Elle sera renseignée sur la base de différents critères :
– l’offre de formation dans les territoires accessible aux actifs ;
– les modalités et les délais d’accès aux formations ;
– les modalités de déroulement de ces for-mations ;
– les résultats obtenus en matière d’accès à l’emploi et de certifications ;
– des informations relatives à la qualité de l’offre.
Ce palmarès de l’offre de formations professionnelles s’instaure sur la base de la complémentarité des offres de formation et de localisation territoriale aux dépens de la qualité et de la quantité de ces formations. Il s’instaure également au détriment des conditions de travail des personnels, notamment dans les lycées professionnels, sous la pression d’un double enjeu :
– Celui de mise en concurrence les différentes offres de formation : les formations en apprentissage contre la formation sous statut scolaire, dans une logique purement comptable.
– L’intensification du développement du mixage des publics (scolaire, apprenti-e-s, stagiaires) dans une même classe, et du mixage des parcours afin de maintenir l’offre de formation en apprentissage.
Le tout sous la houlette des régions qui ne manqueront pas de servir les intérêts du MEDEF.
Fichage des bénéficiaires de formations professionnelles : le nouveau livret ouvrier
L’état instaure la traçabilité des salarié-e-s et des apprenti-e-s avec la mise en place d’un livret de compétences où seront consignées les attestions de durée de formation et d’acquis de compétences pour les apprenti-e-s. Mais également les interruptions, les sorties effectives, les données relatives à l’emploi et au parcours de formation professionnelle de tous salarié-e-s en formation.
Ces données pourront être partagées, sous forme dématérialisée, par les organismes financeurs, l’organisme gestionnaire du système d’information du compte personnel de formation et les institutions et organismes en charge du conseil en évolution professionnelle. C’est le retour du livret ouvrier !

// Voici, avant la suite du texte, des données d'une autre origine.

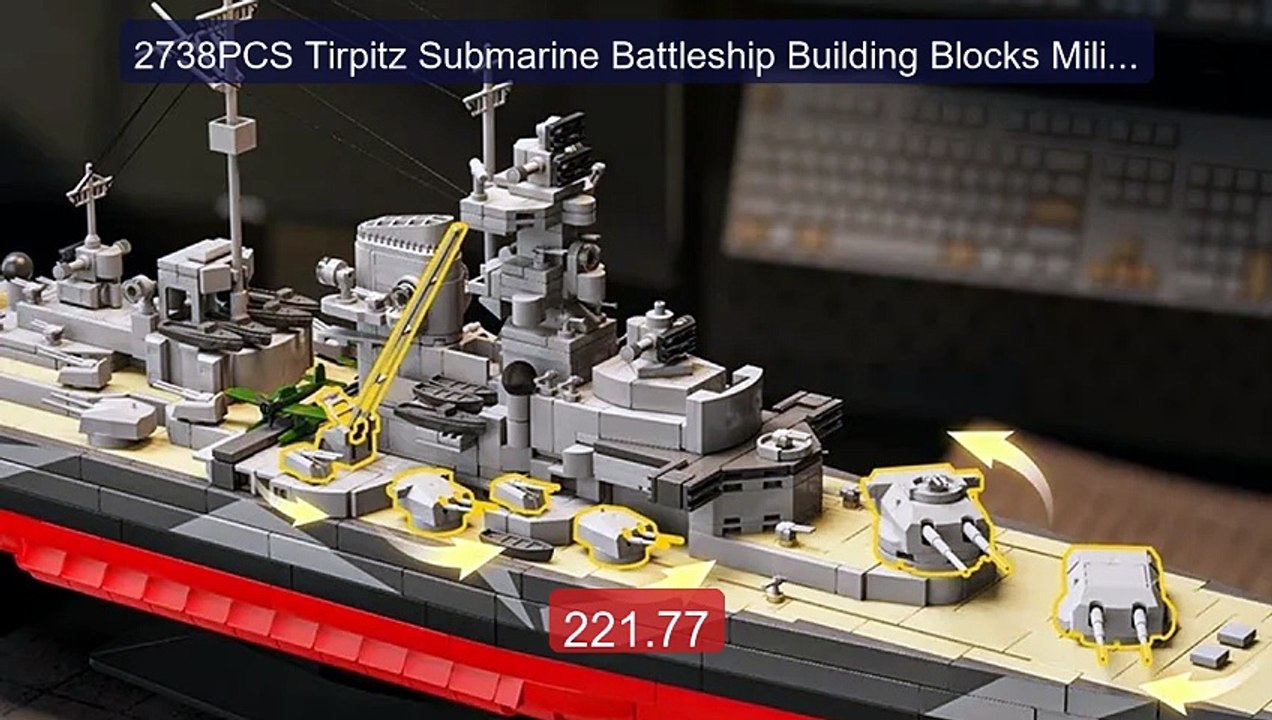 2738PCS Tirpitz Submarine Battleship Building Blocks Military ... -- Best Buy 2026 | Great Quality!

C’est le patronat qui gère la carrière des salarié-e-s. Le ou la salariée devient responsable de son « employabilité » et doit s’adapter aux besoins des entreprises. Contrairement à ce qui est annoncé, les salarié-e-s sont en fait destitué-e-s de leurs choix de carrières, déjà bien mis à mal.
Ce livret ouvrier numérique pourra aisément être croisé avec le livret scolaire numérique que l’éducation nationale a entériné et mettra en œuvre à partir de la rentrée 2016, et pour lequel le MEDEF s’était déjà largement réjoui.
Après avoir été trié-e-s, orienté-e-s et filtré-e-s à l’école, les futur-e-s travailleurs-euses seront aussi fliqué-e-s et formaté-e-s sur la base de critères d’employabilité et de traçabilité définis par le patronat en fonction de ces besoins. C’est totalement inacceptable !
L’enseignement et la formation professionnel-le-s ne peuvent se réduire à un formatage au service du patronat local. Ils doivent permettre l’acquisition des savoirs généraux et l’apprentissage de la vie démocratique, former des individus libres et critiques, aptes à com-prendre le monde qui les entoure et à agir pour le transformer.
Développement de l’apprentissage : une régression historique !
Présenté comme la solution miracle à la crise économique et au chômage, l’apprentissage ne garantit pas une meilleure insertion professionnelle si ce n’est dans les métiers en tension. Les entreprises l’instrumentalisent pour rentabiliser à court terme une main d’œuvre peu onéreuse et défiscalisée. Cela, aux dépens des filières sous statut scolaire, qui délivrent un enseignement plus généraliste visant la préparation à un métier ou à une famille de métiers pérenne sur l’ensemble du territoire national et au-delà.
Il n’y a dans cette loi rien pour l’emploi et la formation et tout pour accroître encore les marges des entreprises, pour privilégier les politiques contestables de compétitivité.